Saved data entries
◇ ◇ ◇ ◇ ◇ ◇ ◇

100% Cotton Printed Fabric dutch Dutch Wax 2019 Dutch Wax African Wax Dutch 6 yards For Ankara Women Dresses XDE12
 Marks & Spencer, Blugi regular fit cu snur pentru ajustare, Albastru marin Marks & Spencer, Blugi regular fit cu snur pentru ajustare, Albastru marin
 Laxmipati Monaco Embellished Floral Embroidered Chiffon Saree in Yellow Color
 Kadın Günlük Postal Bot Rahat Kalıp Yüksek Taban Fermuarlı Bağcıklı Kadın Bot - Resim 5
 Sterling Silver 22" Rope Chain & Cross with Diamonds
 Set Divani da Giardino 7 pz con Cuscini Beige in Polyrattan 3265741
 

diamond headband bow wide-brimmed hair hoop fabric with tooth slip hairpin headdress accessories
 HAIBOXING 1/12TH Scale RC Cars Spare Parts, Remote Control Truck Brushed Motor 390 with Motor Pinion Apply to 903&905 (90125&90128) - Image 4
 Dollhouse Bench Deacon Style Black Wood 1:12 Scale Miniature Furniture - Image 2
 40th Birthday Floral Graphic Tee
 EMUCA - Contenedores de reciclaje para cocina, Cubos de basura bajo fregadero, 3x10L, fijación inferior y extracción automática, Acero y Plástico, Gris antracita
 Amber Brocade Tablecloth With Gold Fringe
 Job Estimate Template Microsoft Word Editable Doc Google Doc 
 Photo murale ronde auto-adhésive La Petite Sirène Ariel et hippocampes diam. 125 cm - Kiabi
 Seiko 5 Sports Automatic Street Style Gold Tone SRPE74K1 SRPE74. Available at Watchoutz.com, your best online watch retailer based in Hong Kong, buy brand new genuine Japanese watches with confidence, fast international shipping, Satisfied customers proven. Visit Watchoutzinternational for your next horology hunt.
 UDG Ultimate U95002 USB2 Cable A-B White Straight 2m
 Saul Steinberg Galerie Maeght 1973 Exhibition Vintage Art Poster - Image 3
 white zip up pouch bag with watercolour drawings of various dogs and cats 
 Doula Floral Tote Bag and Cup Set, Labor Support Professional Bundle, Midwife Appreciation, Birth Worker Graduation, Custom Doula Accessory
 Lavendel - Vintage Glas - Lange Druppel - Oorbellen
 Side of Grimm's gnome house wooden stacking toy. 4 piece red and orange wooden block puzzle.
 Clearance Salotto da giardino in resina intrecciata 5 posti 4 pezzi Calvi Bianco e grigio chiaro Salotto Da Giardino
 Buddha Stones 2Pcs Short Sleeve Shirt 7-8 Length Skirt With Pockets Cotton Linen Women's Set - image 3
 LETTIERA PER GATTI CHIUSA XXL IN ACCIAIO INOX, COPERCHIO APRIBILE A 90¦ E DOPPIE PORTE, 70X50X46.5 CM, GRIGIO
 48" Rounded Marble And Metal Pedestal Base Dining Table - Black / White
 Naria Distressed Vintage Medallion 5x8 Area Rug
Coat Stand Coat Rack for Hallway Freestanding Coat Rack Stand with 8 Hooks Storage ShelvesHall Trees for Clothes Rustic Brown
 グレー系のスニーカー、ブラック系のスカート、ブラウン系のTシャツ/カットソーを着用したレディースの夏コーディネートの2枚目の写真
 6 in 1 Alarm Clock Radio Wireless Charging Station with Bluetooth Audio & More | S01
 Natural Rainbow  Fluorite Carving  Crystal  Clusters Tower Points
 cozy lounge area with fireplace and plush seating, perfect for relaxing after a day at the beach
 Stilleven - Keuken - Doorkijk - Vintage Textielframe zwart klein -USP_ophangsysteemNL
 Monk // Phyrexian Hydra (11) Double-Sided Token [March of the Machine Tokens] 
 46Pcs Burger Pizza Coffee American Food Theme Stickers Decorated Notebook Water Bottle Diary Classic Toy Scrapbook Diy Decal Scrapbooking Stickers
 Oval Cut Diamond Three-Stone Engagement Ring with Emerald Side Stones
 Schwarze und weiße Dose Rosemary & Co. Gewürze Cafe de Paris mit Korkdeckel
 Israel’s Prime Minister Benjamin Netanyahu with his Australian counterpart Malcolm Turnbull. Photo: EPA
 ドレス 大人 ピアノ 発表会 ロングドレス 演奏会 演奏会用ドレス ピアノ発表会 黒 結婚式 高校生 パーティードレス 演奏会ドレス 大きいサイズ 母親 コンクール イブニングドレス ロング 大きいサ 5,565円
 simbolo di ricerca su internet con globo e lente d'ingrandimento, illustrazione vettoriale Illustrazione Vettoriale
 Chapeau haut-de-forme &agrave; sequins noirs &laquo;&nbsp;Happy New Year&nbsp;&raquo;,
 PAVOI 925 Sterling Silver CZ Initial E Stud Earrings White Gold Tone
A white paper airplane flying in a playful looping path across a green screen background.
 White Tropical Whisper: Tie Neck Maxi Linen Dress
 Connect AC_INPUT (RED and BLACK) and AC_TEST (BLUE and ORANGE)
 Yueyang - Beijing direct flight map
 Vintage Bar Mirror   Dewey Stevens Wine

◇ ◇ ◇ ◇ ◇ ◇ ◇

■ **WHAT THE TASK REQUIRES**:
Both the first line of the data above and the line with "Lavendel - Vintage" must be included; please return exactly those lines and the ones between them.

■ **TASK ANSWER**:
100% Cotton Printed Fabric dutch Dutch Wax 2019 Dutch Wax African Wax Dutch 6 yards For Ankara Women Dresses XDE12
 Marks & Spencer, Blugi regular fit cu snur pentru ajustare, Albastru marin Marks & Spencer, Blugi regular fit cu snur pentru ajustare, Albastru marin
 Laxmipati Monaco Embellished Floral Embroidered Chiffon Saree in Yellow Color
 Kadın Günlük Postal Bot Rahat Kalıp Yüksek Taban Fermuarlı Bağcıklı Kadın Bot - Resim 5
 Sterling Silver 22" Rope Chain & Cross with Diamonds
 Set Divani da Giardino 7 pz con Cuscini Beige in Polyrattan 3265741
 

diamond headband bow wide-brimmed hair hoop fabric with tooth slip hairpin headdress accessories
 HAIBOXING 1/12TH Scale RC Cars Spare Parts, Remote Control Truck Brushed Motor 390 with Motor Pinion Apply to 903&905 (90125&90128) - Image 4
 Dollhouse Bench Deacon Style Black Wood 1:12 Scale Miniature Furniture - Image 2
 40th Birthday Floral Graphic Tee
 EMUCA - Contenedores de reciclaje para cocina, Cubos de basura bajo fregadero, 3x10L, fijación inferior y extracción automática, Acero y Plástico, Gris antracita
 Amber Brocade Tablecloth With Gold Fringe
 Job Estimate Template Microsoft Word Editable Doc Google Doc 
 Photo murale ronde auto-adhésive La Petite Sirène Ariel et hippocampes diam. 125 cm - Kiabi
 Seiko 5 Sports Automatic Street Style Gold Tone SRPE74K1 SRPE74. Available at Watchoutz.com, your best online watch retailer based in Hong Kong, buy brand new genuine Japanese watches with confidence, fast international shipping, Satisfied customers proven. Visit Watchoutzinternational for your next horology hunt.
 UDG Ultimate U95002 USB2 Cable A-B White Straight 2m
 Saul Steinberg Galerie Maeght 1973 Exhibition Vintage Art Poster - Image 3
 white zip up pouch bag with watercolour drawings of various dogs and cats 
 Doula Floral Tote Bag and Cup Set, Labor Support Professional Bundle, Midwife Appreciation, Birth Worker Graduation, Custom Doula Accessory
 Lavendel - Vintage Glas - Lange Druppel - Oorbellen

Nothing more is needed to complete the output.